For me they work very nicely as they're just across the strait. If what I'm after is available in Delta I can sometimes have an order within two days, plus they have a reasonable flat rate for shipping of about $10 which is lots better than other places. Their offerings are probably about the same as other places and I can choose between good name brand or (Starrett, Mitutoyo, etc) or their house brand depending on what I'm after. They've always been good to me.

-frank


----------



## Bob Korves (Jan 9, 2020)

middle.road said:


> I did these up a while back when Walgreens was having a $5 sale.
> The 11.5 x 17 is usually mail order, but for $5 laminated - it's nice.
> Imperial/SAE centric due to space limitations.
> 
> ...


No pics?


----------



## darkzero (Jan 9, 2020)

I've got a couple of the Starret charts as well as a bunch of the mini charts & notepads. Good to see they are still giving them away. I use the mini charts quite often, 3 different charts.

I took one of the full size Starrett charts to Kinkos & had them laminate it. It's been sitting outside my bedroom for yrs. One day I'll hang it up.


----------



## MrWhoopee (Jan 9, 2020)

pontiac428 said:


> Unfortunately, the chart is folded and comes in an envelope now, but I'm sure it will work just fine.



Color me bummed, for what I paid I would expect it rolled and shipped in a tube First Class.


----------



## brino (Jan 9, 2020)

macardoso said:


> I've never ordered from KBC. Are you guys fond of them? Do they have good prices? They seem to carry the same name brand stuff as everyone else and it is all expensive




I've bought some nice Mitutoyo micrometers, tool steel, pin gauges, and various other shop supplies.

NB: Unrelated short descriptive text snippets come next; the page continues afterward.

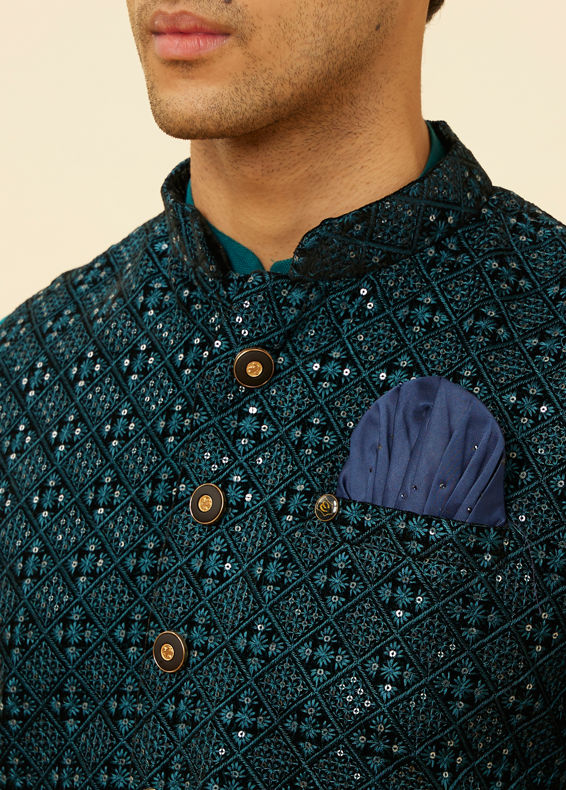 Manyavar Men Teal Blue Sequined Embroidered Jacket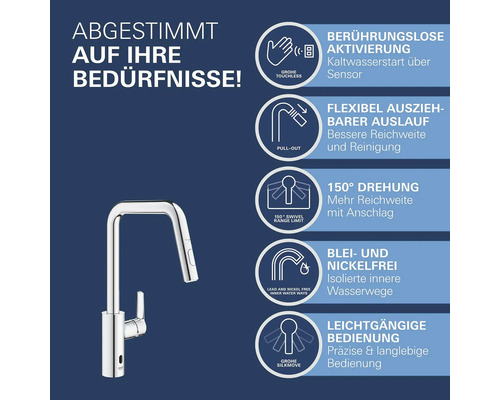 Produktinformationen zu einer Küchenarmatur mit Sensortechnologie, herausziehbarem Auslauf und 150 Grad Schwenkbereich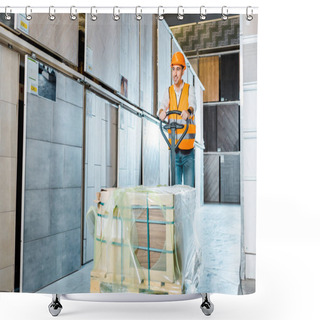 Personality  Smiling Warehouse Worker Carrying Pallet Jack In Tiles Department Shower Curtains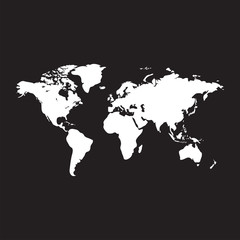 Fototapeta na wymiar Planet earth vector icon, world map symbol. Simple, flat design for web or mobile app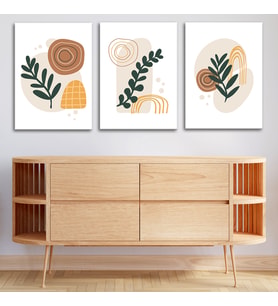 3'lü Bohem Kanvas Tablo Seti 7 - Modern Boho Duvar Dekoru - Geometrik ve Minimalist Çizgili 3 Parça Tablo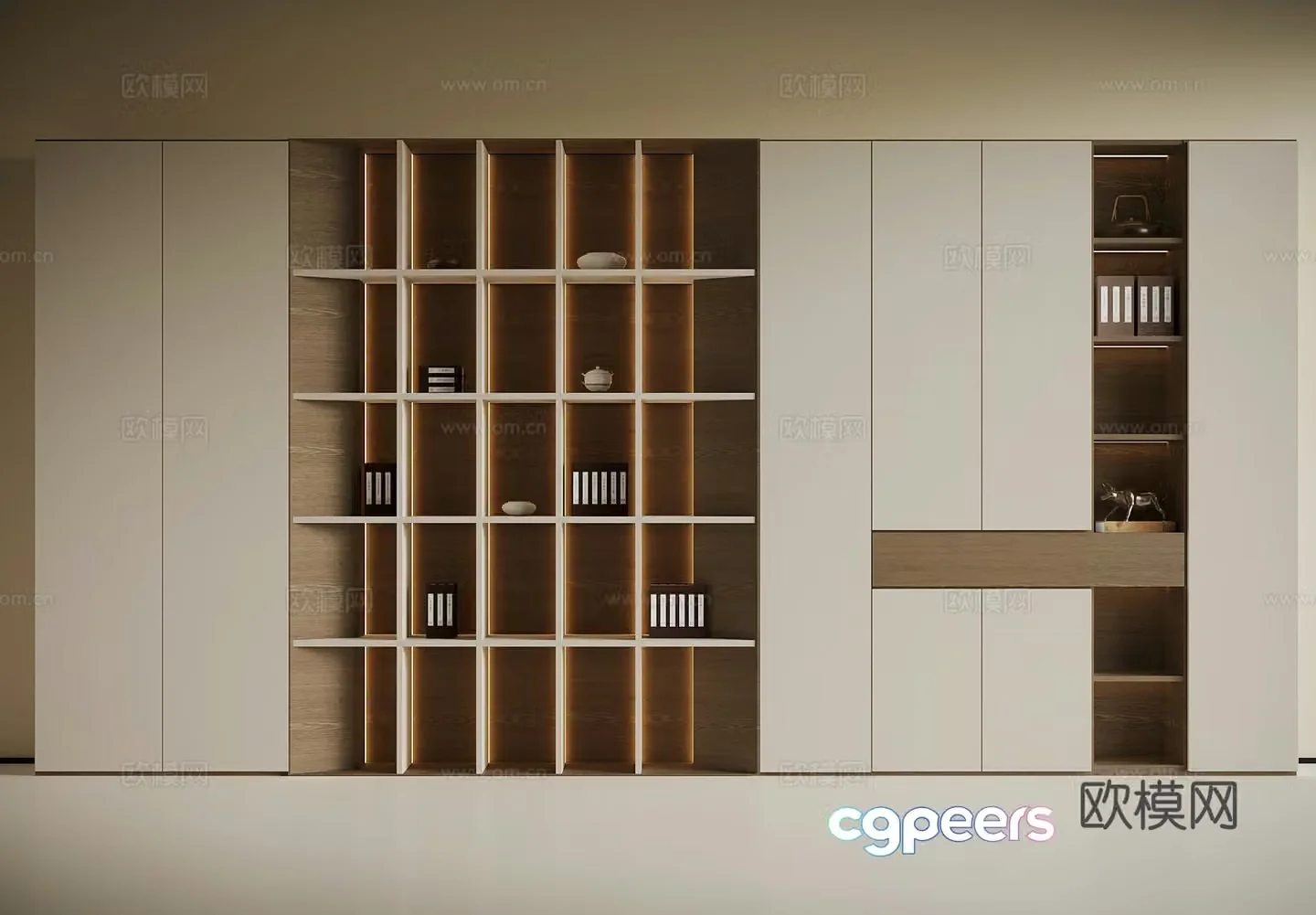New Chinese style tea cabinet bookcase 3D model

For us Canadians they are better than most other choices:
We can go to their Canadian website and see products in our currency.
We get get things shipped without a huge and unknown import fee, they ship from Canadian outlets.
We get get things shipped without a huge and unknown shipping fee.
(typical UPS to Canada is outrageous!!!! for me it was often more than the price of the products, and unknown until they held your paid-for parcel ransome at this end!.....I HATE UPS!!!)

-brino


----------



## middle.road (Jan 9, 2020)

Bob Korves said:


> No pics?


They are in our 'Downloads' section here. I uploaded them a year ago.
Go and grab them and have a look see. Just click on the link, they should then show up. Then right click and select 'Save Image as...'
They are in .JPG format so that Walgreens, CVS, Walmart, Office Depot, etc. can print them out on photo stock. Then the 11.5x17 is for the 'Placemat' laminated one at Walgreens and perhaps other places.
Walgreens is always having $5 sales.


----------